▶ _RECORDS SUPPLIED_:
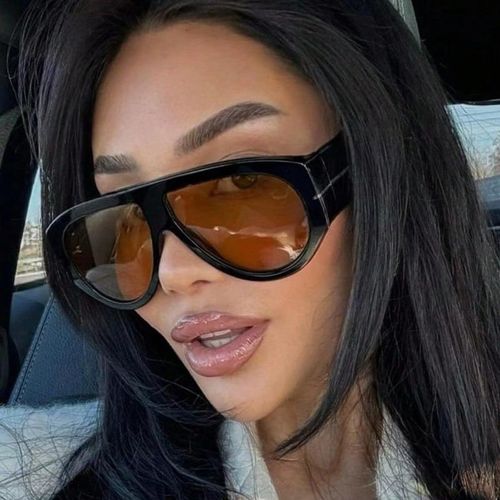 1pc Womens Vintage Oversized Pilot Sunglasses - Y2K Punk Style Windproof Shades, Ideal for Summer Beach Outdoor Travel Music Fest Back To School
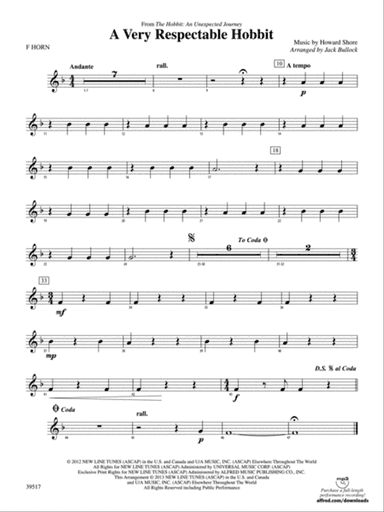 A Very Respectable Hobbit (from The Hobbit: An Unexpected Journey): 1st F Horn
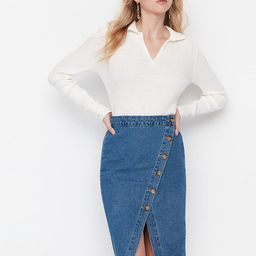 Trendyol Women Blue Solid Pure Cotton Wrap Knee-Length Denim Skirts-picture-46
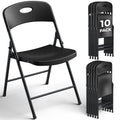 Black 10 Pack Plastic Folding Chair with Steel Frame K447350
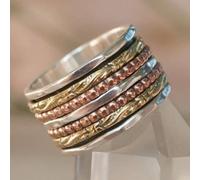 1pcs Retro Three-color Multi-layer Wide Ring, Simple Jewelry Accessory for Women's Daily Casual Party
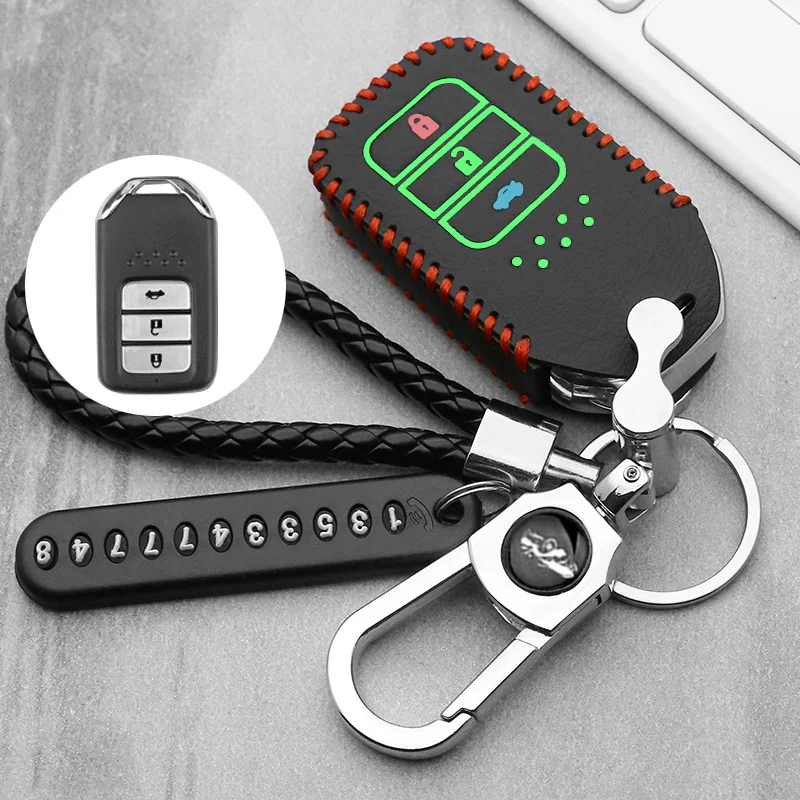 

Luminous Leather car key case for Honda Accord EX EXL Civic Crv Crz Hrv Pilot Ridgeline 2016-2018 FIT XRV VEZEL CITY JAZZ Crider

▶ _PROBLEM TO SOLVE_: All of the listing is to be written out exactly, with the pictures left out.

▶ _PROBLEM SOLUTION_:
 1pc Womens Vintage Oversized Pilot Sunglasses - Y2K Punk Style Windproof Shades, Ideal for Summer Beach Outdoor Travel Music Fest Back To School
 A Very Respectable Hobbit (from The Hobbit: An Unexpected Journey): 1st F Horn
 Trendyol Women Blue Solid Pure Cotton Wrap Knee-Length Denim Skirts-picture-46
 Black 10 Pack Plastic Folding Chair with Steel Frame K447350
 1pcs Retro Three-color Multi-layer Wide Ring, Simple Jewelry Accessory for Women's Daily Casual Party

Luminous Leather car key case for Honda Accord EX EXL Civic Crv Crz Hrv Pilot Ridgeline 2016-2018 FIT XRV VEZEL CITY JAZZ Crider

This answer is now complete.